Start of Block

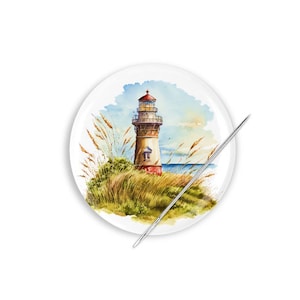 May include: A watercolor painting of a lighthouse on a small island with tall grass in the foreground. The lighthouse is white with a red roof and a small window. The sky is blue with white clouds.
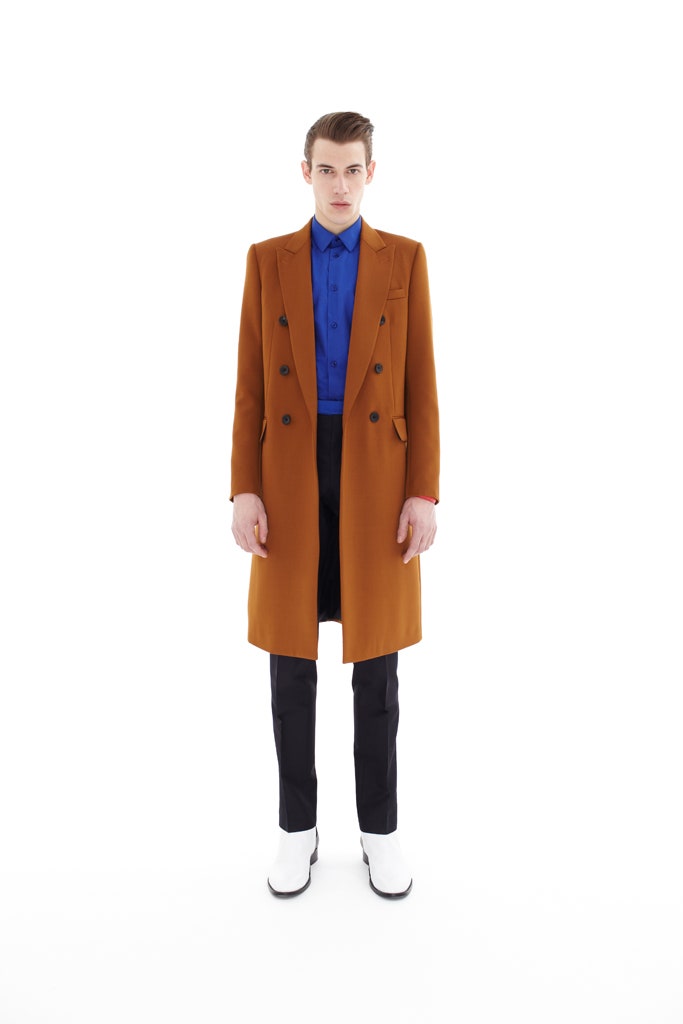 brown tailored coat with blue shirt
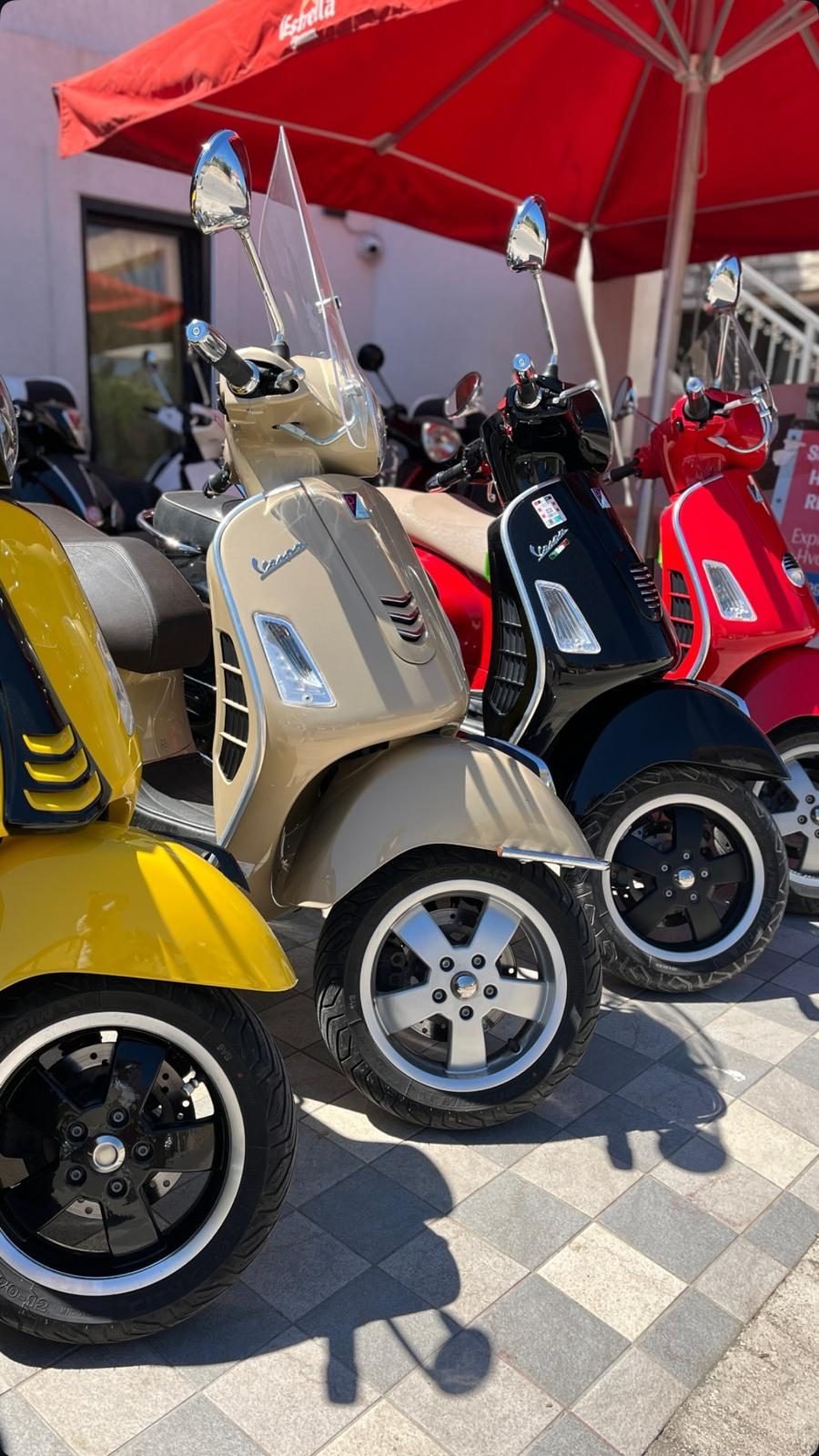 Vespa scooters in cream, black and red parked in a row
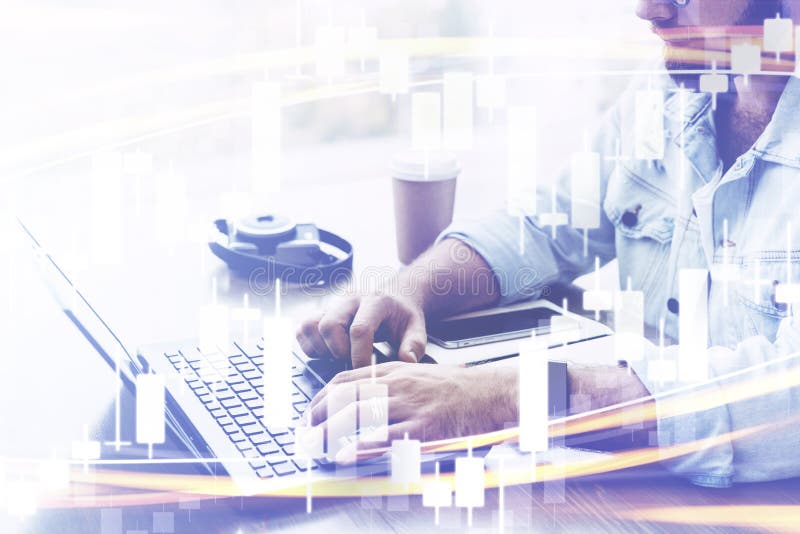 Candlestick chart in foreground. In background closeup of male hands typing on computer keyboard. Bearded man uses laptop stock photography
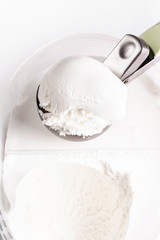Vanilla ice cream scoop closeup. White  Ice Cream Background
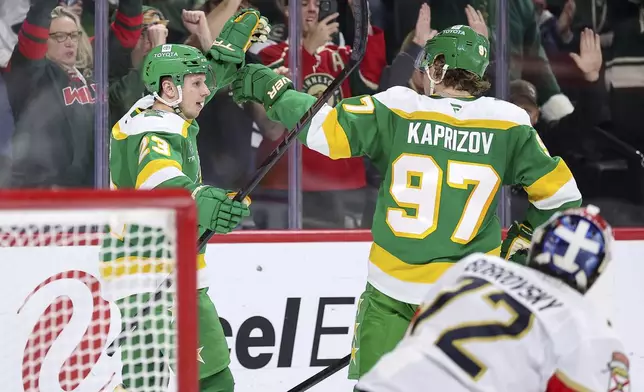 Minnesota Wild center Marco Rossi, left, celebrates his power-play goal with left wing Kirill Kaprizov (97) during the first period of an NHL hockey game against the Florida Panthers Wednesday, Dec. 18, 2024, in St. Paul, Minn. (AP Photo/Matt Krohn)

End of Block

Task to carry out:
An exact transcription of the records above is needed, with no pictures included.

Answer section:
 May include: A watercolor painting of a lighthouse on a small island with tall grass in the foreground. The lighthouse is white with a red roof and a small window. The sky is blue with white clouds.
 brown tailored coat with blue shirt
 Vespa scooters in cream, black and red parked in a row
 Candlestick chart in foreground. In background closeup of male hands typing on computer keyboard. Bearded man uses laptop stock photography
Vanilla ice cream scoop closeup. White  Ice Cream Background
 Minnesota Wild center Marco Rossi, left, celebrates his power-play goal with left wing Kirill Kaprizov (97) during the first period of an NHL hockey game against the Florida Panthers Wednesday, Dec. 18, 2024, in St. Paul, Minn. (AP Photo/Matt Krohn)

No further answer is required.